── Dataset ──

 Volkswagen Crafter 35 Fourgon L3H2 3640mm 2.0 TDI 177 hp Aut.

───
── Dataset ──

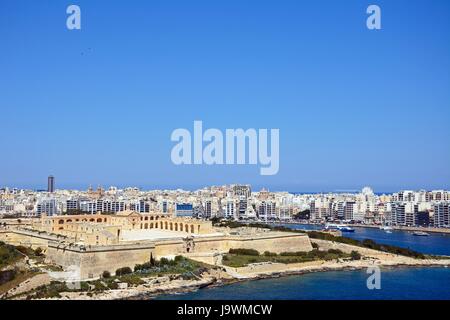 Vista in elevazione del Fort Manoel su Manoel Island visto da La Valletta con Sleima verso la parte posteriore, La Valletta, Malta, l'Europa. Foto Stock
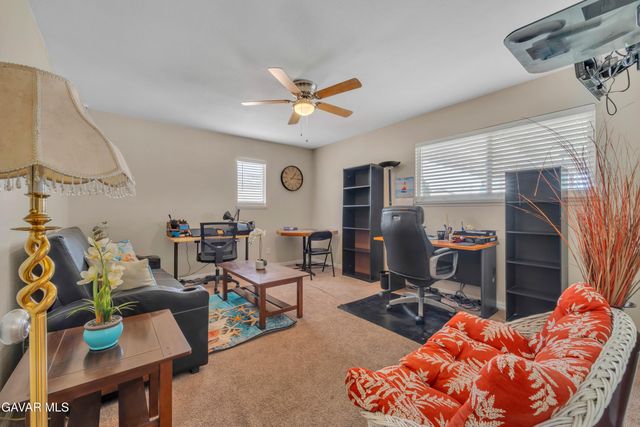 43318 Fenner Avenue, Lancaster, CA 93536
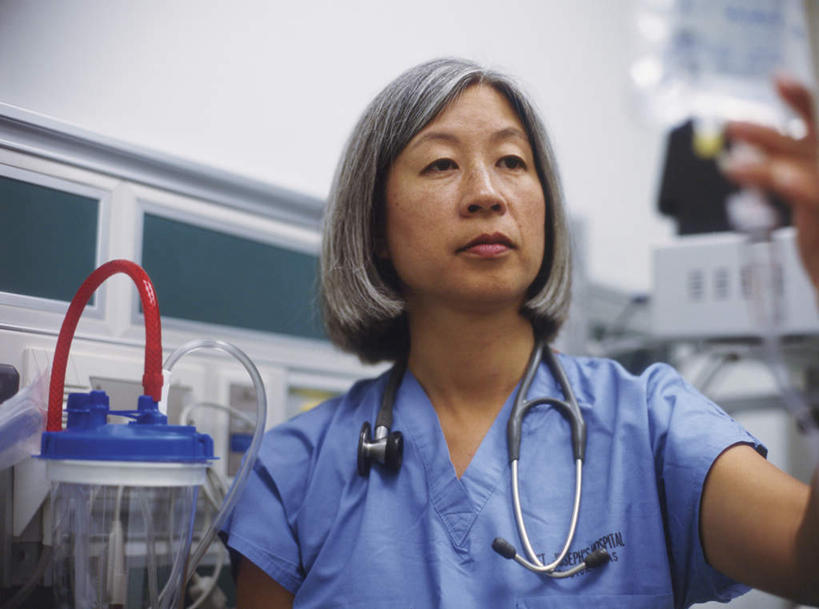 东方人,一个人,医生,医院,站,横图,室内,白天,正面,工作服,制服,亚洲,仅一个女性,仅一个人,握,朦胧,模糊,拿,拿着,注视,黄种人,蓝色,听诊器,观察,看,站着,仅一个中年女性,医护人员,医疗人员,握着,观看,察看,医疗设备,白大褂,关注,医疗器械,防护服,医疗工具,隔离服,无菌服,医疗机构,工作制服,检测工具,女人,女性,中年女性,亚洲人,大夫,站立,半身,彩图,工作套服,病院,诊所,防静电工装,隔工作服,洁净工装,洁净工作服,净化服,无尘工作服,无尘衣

───

*Exercise prompt*: Leave the pictures out. Output, exactly, the lines of the material above starting at the line containing "Vista in elevazione" and ending at the line containing "43318 Fenner Avenue, Lancaster, CA 93536".

*Response*:
 Vista in elevazione del Fort Manoel su Manoel Island visto da La Valletta con Sleima verso la parte posteriore, La Valletta, Malta, l'Europa. Foto Stock
 43318 Fenner Avenue, Lancaster, CA 93536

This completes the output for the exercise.